PyTorch is an open-source deep learning framework developed by Facebook. It’s one of researchers’ favorite tools for building neural networks. Concerning NLP, PyTorch comes with popular neural network layers, models, and a library called torchtext that consists of data processing utilities and popular datasets for natural language.

Here are some of the use-cases of NLP that were solved through deep neural networks:

Several voice-enabled assistants use NLP for Speech Recognition. NLP helps these devices to act as personalized search engines by learning and extracting information from your daily verbal activity. We can build out our own speech recognition system too. In this blog post, we will show you an open-source project built with PyTorch that will help us get started.
Ever wonder how e-commerce websites show you ads or suggestions for products that are most relevant to your interests? By now you might have guessed it–NLP is the reason behind this. Companies can determine what customers are saying about a service or product by identifying and extracting information from sources like social media.

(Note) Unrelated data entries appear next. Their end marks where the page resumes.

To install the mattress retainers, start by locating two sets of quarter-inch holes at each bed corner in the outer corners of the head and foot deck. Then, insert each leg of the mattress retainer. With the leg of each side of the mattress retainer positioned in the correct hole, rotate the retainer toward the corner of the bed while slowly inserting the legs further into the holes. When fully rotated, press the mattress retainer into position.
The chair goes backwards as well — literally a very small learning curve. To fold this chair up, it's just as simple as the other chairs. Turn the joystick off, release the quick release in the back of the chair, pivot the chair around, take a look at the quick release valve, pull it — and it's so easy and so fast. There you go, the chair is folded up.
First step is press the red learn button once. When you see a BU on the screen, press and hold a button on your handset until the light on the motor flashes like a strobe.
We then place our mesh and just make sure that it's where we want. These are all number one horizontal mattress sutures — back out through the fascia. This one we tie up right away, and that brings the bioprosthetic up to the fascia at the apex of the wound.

This use-case falls under Sentiment Analysis; the goal is usually to provide information regarding customer choices and their decisions.
With NLP, we can also perform information extraction from records using techniques like Named Entity Recognition. This can pick out information like document type, ID, names, details, tables, and line items. Check out Spacy NER to read more about it!
Email systems can also stop spam before it even enters a user’s inbox using NLP. Check out this related tutorial on classifying news from the official PyTorch documentation.
Document summarization and reporting can be intensively time-consuming tasks. NLP allows us to convert unstructured texts into reports by applying speech-to-text dictation and formulated data entry.

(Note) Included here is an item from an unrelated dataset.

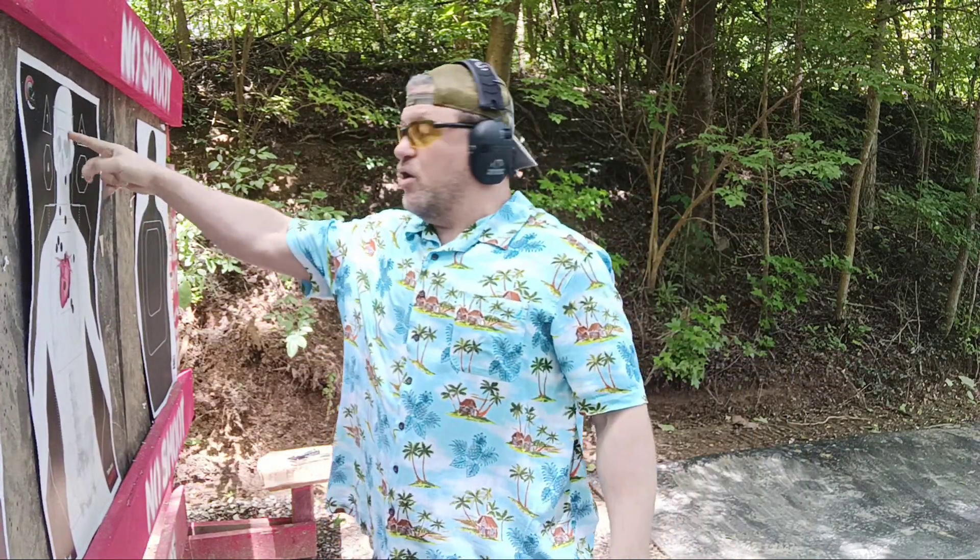All right, so no sights — first one in the heart, second one in the lung, and I was a little off on the headshot. I haven't used this sight or this pistol ever before, but it was a decent result.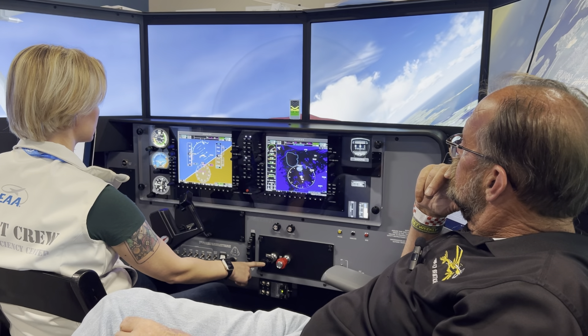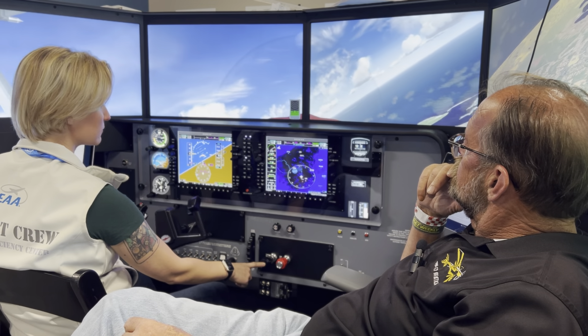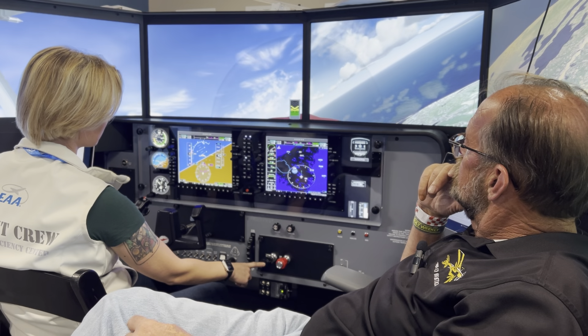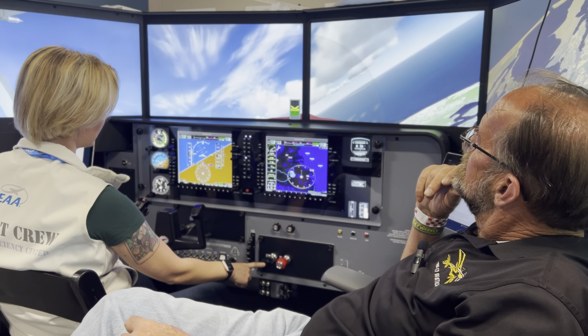Pulling... there's the 45, there's the 90. This is really nice — you could have done it this good on your commercial checkride. Notice.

In the next sections, we’ll cover different techniques and methods that are used for approaching an NLP problem.

Approaching an NLP Problem

So far, we’ve learned about NLP and reviewed a few use cases that can be solved through neural networks. Now let’s look at different steps and techniques involved in approaching NLP problems, starting with data collection.

Gathering Your Text Data

Every problem related to deep learning starts with data. Hence, to solve an NLP problem with neural networks (NNs), we’ll have to make sure to have a vast, valid, and robust dataset. If we don’t have adequate data, we can always rely on the internet and find relevant datasets or scrape from websites. To experiment with models and neural network architectures we can rely on PyTorch’s TorchText library. It comes with many different datasets which we can use to build models for use cases like Language Modeling, Sentiment Analysis, Text Classification, etc. A few of the datasets are discussed below:

IMDB: This is a dataset for sentiment classification that contains 25,000 highly polar movie reviews for training, and another 25,000 for testing. We can load this data with the following class from torchtext:

torchtext.datasets.IMDB()

WikiText2: This language modeling dataset is a collection of over 100 million tokens. It is extracted from Wikipedia and retains the punctuation and actual letter case. It is widely used in applications that involve long-term dependencies. This data can be loaded from torchtext as follows:

torchtext.datasets.WikiText2()

Besides the above two popular datasets, there are still many more available in the torchtext library, such as SST, TREC, SNLI, MultiNLI, WikiText-2, WikiText103, PennTreebank, Multi30k, etc.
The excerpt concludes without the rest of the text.